Regular container services to Belfast (three times weekly) are operated by the newly formed Cawoods Containers from their terminal in the port. The service is at present depending on the cellular container vessel m.v. Craigavad but consideration is being given to a second vessel. The terminal covers some three to four acres on the site of the old banana wharf and is completely concreted for marshalling and stacking containers. A 35-ton Strachan and Henshaw Container crane is used for loading and unloading and this is supported by a Demag straddle carrier for movement of containers within the terminal. This machine is linked to the depot control office, as is the crane, by short-wave radio and the quay foreman also has a radio link for ease of passing instructions; 20ft and 401t containers are handled in the terminal. Since its opening in May 1968, trade through the terminal has considerably increased and the Cawoods depot manager, Mr.
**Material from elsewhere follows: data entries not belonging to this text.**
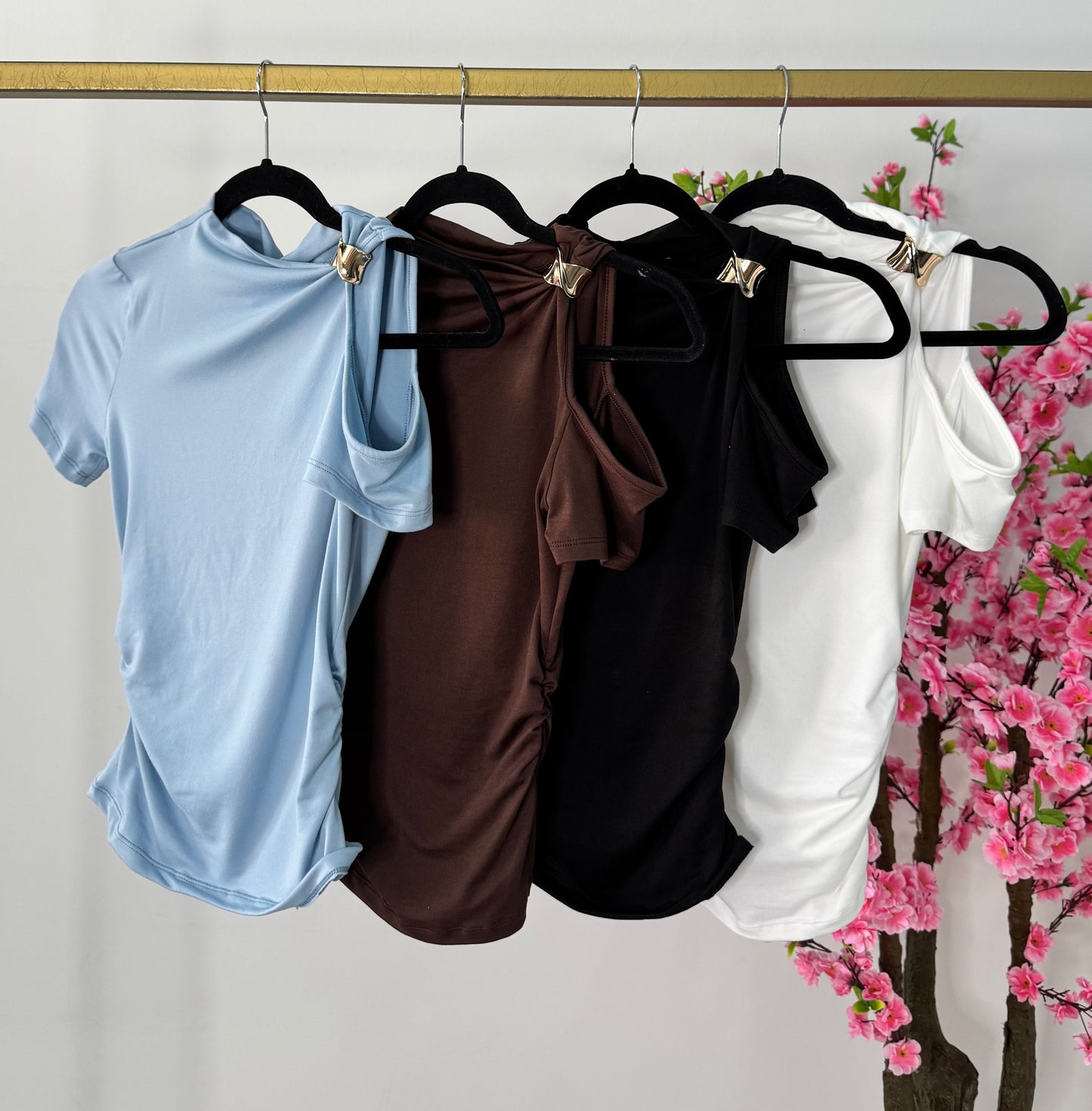 Blusa basica licra azul cielo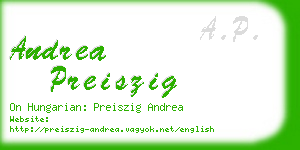 andrea preiszig business card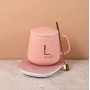 Tasse à café en céramique LUCKY, Rose avec sous-verre thermostatique pour boire, du thé, du café, du lait et de l'eau.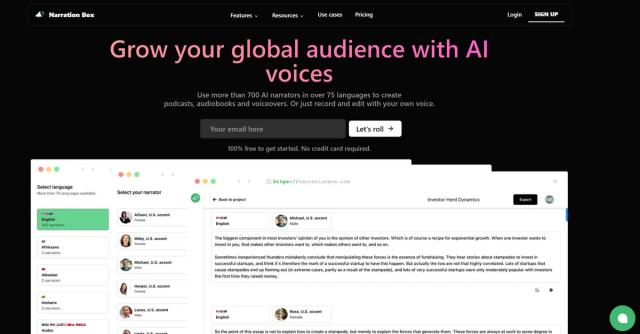 NarrationBox - Narration Box creates voiceovers, audiobooks, and podcasts with AI voices.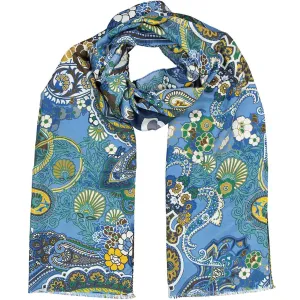 Light blue paisley & floral silk & cotton fringed scarf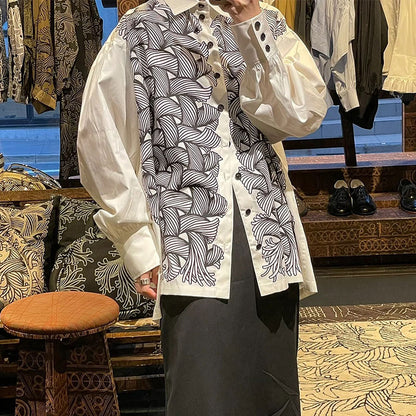 Nemeth 22SS All-Over Knot Print Shirt – Cotton Loose Fit Long Sleeve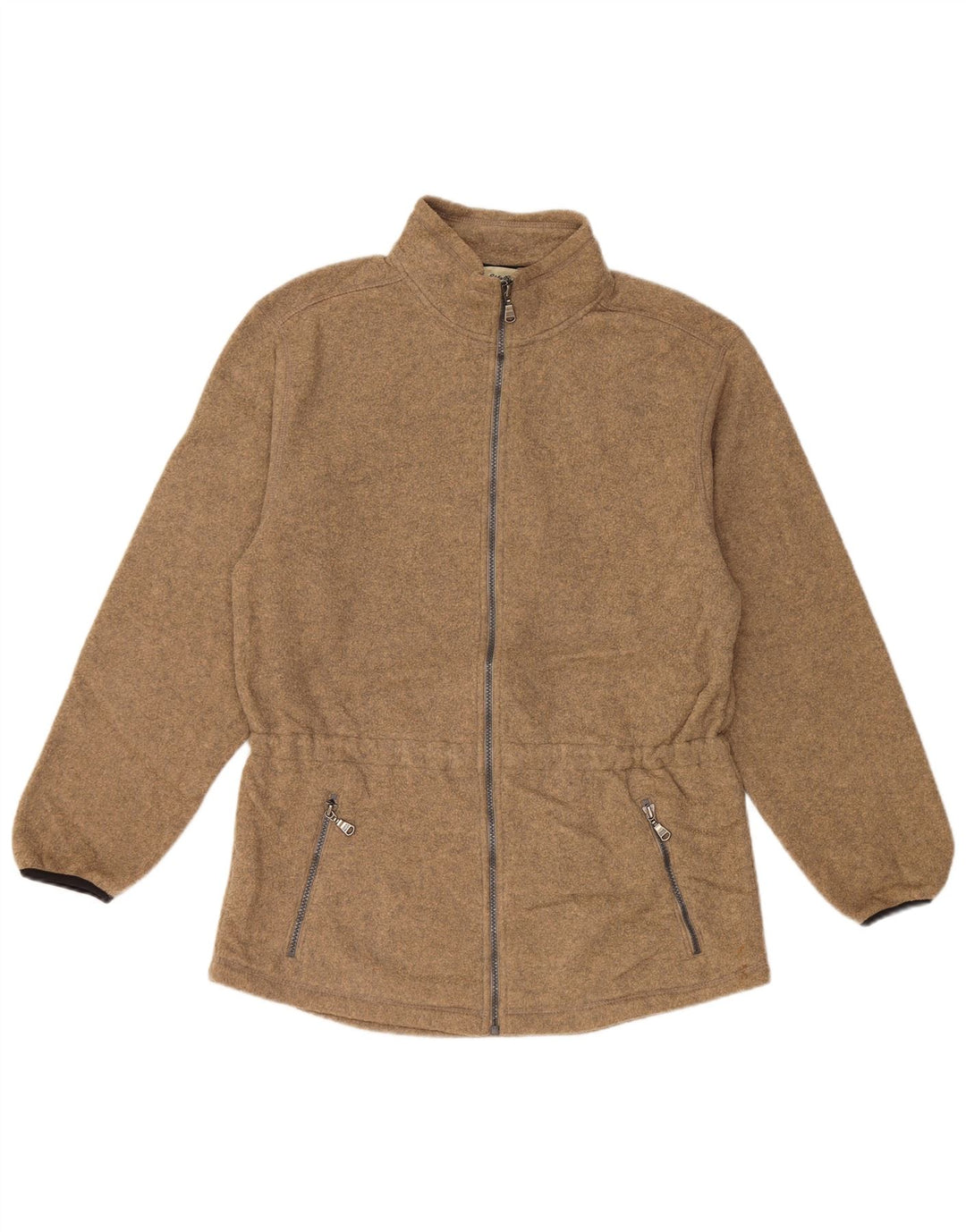 EDDIE BAUER Womens Fleece Jacket UK 14 Medium Brown Polyester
Norman Plevin, is looking forward to greater things.
Like all ports Garston considers it is ideally situated to the traffic it handles and in this case the M6 motorway only 15 miles away provides fast road links to north Lancashire and the industrial Midlands. The port is near to the coalfields and densely industrialized areas of Lancashire, Yorkshire, Staffordshire, Leicestershire and Warwickshire.
Covered warehouse accommodation available in the docks amounts to 230,000 sq.ft. and there is open storage space for some 100,000 tons of minerals and other traffics. Road and rail weighbridges are provided in the docks.
Although small, Garston is nevertheless progressive, always on the look-out for ways of increasing its share of traffic passing in and out of the Mersey region. Unit load traffic constitutes a growing proportion of tonnage through Garston, amounting to 143,000 tons in 1968.
Export clearance Congestion at the docks is critical to the problem of speeding Britain's export deliveries. British Road Services Ltd. has established the Merseyside Export Clearance Centre to quicken the flow of exports to the local docks.
The centre has been established to free vehicles from the need to spend wasteful time-consuming periods at the docks waiting to unload.
Shipments up to 5 tons will be accepted both for delivery to the docks and town addresses. Loads will be sorted to ship destinations enabling a vehicle to deliver many consignments to one ship, thereby eliminating the necessity of several vehicles delivering to the same ship.
Although the centre has been in operation for only a few months, large tonnages are already being handled. Demand for the facilities has been such that space has been cleared for a future doubling of capacity.
In its initial stages, the rapid clearance centre was used only by BRS Ltd. branches and National Freight Corporation companies. However, own-account carriers and other hauliers are now able to use the centre.
The Liverpool Dock and Mersey Authority has welcomed the B RS scheme as an efficient and imaginative plan in the fight against congestion at the docks.